Disclaimer: Much as I would love to claim ownership, I take no responsibility for the images included in this post. Accreditations and thanks go to travel companion and fellow mentalist Miss Georgie Raggett, whose phenomenal photography skills do this trip far more justice than any of my words could.

There are some cities with which you instantly fall in love, and it’s hard not to leave Seville without vowing that you will return. The red-hot heart of Andalucia, the city itself is a breathtaking assault on the senses – a fantastically passionate melting pot of music, ambiance, architecture, tourists, tapas, and flamenco. Apparently, Byron once remarked that Seville was a “pleasant city, famous for its oranges and women”. This seemingly placid observation in fact entirely embodies the Andalucían charm and heat-induced hedonism of this southern city, where the art of enjoyment has been thoroughly tried, tested and perfected. Fairytale orange trees line the streets, and blanched pink, yellow and almond buildings give way to labyrinths of narrow lanes peppered with miniature churches, tapas bars and hidden plazas. Witnessing the passage of various civilizations, a unique mix of Roman, Islamic, Gothic and Renaissance influences are all very much in evidence; co-existing in a bizarre yet fantastically coherent fashion.

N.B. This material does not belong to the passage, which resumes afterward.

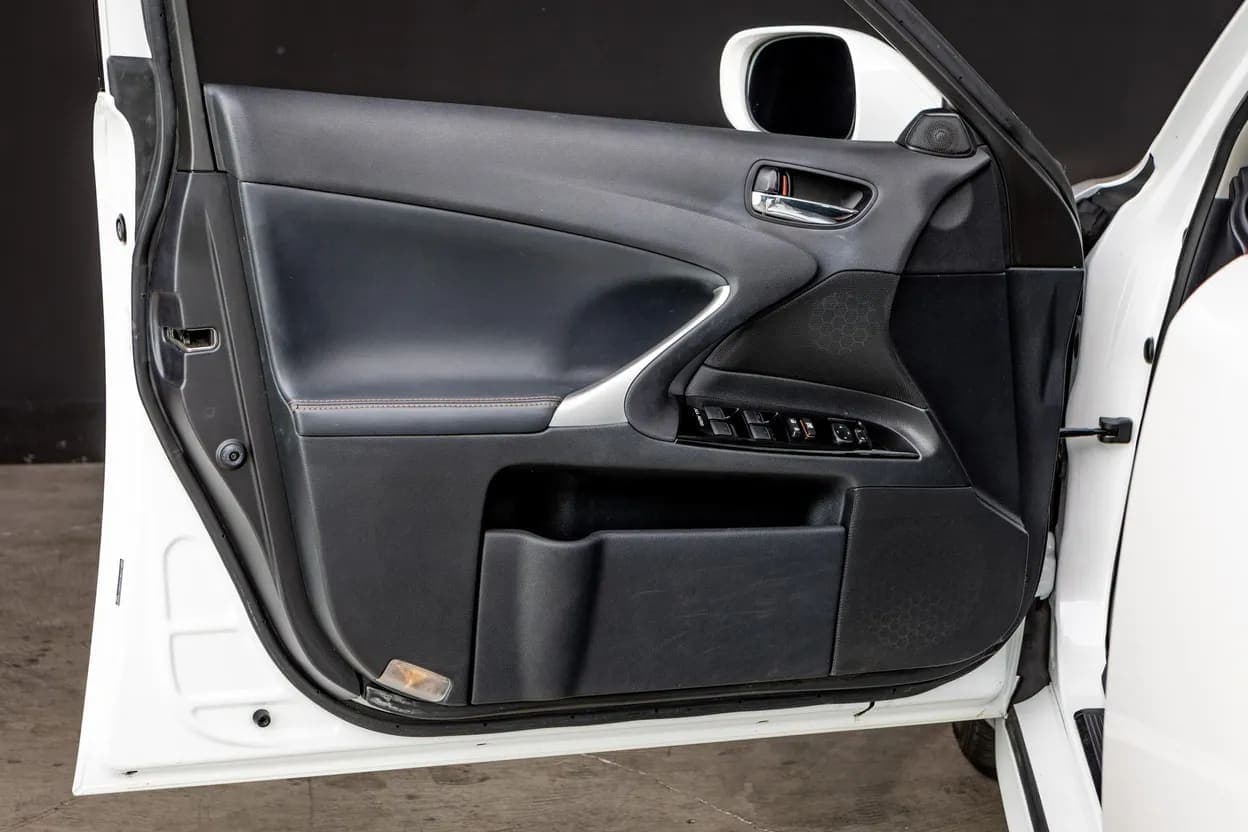 2013 Lexus IS 250, view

The amalgam of cultures is most obvious at the Catedral de Santa María de la Sede a catholic edifice built on the former site of the city’s most following the Spanish ‘Reconquista’. [See notes on Cordoba below]. Although it is most definitely a fully-functioning cathedral – Altar? Check. Huge nave? Check. Hellalotta gold? Check - it has retained some elements from mosque, including the famous Giralda, a minaret-cum-bell tower. This is economising at its finest. 









For more of the Moorish-Spanish melange, check out the Jardines Reales Alcázares just opposite the cathedral or, for a more recent mixture, head south to the crazily diverse and extraordinarily lavish Plaza de España.






WARNING: these areas are extremely touristique. What's more, it’s hard not to become a little jaded with the inevitable juxtapositions that come with a top tourist spot. For example, snap-happy holiday-makers waddle towards the nearest horse and cart rides whilst shooing away the hoards of gyspy women proffering sprigs of rosemary in a promise to read your palm. The fantastic juxtapositions found in the town centre are in fact a microcosmic representation of Seville’s relationship with its surroundings, as the gaiety and wealth of the city exist in stark contrast to the economically depressed agricultural countryside in Andalucía.

Back to the city centre and a web of pedestrianized streets lead to the Plaza Nueva, the heart of Seville’s main shopping and commercial district. Smartly dressed and immaculately coiffed senoras sit yards away from topless tramps taking cerveza-induced siestas. In nearby Plaza de la Encarnación, it is hard not to miss the enormous yet rather incongruous Metropole Parasol – a match-stick-esque structure completed earlier this year by German architect Jurgen Mayer, and housing the central market and, bizarrely, an underground archaeological complex. Random.

A five-minute’ walk along the Calle Sierpes will take you to the Plaza de Jesús de la Pasión, another enormously busy yet spectacularly Spanish hotspot. Around lunchtime you’ll find hundreds of people milling around here; picking at ceramic plates of tapas, sipping at tumblers of cerveza and indulging in cones of crisps from weathered street vendors. With the roar of sound greeting you well before you arrive and the scent of incense and the midday sun clinging to your clothes well after you depart... this is not to be missed.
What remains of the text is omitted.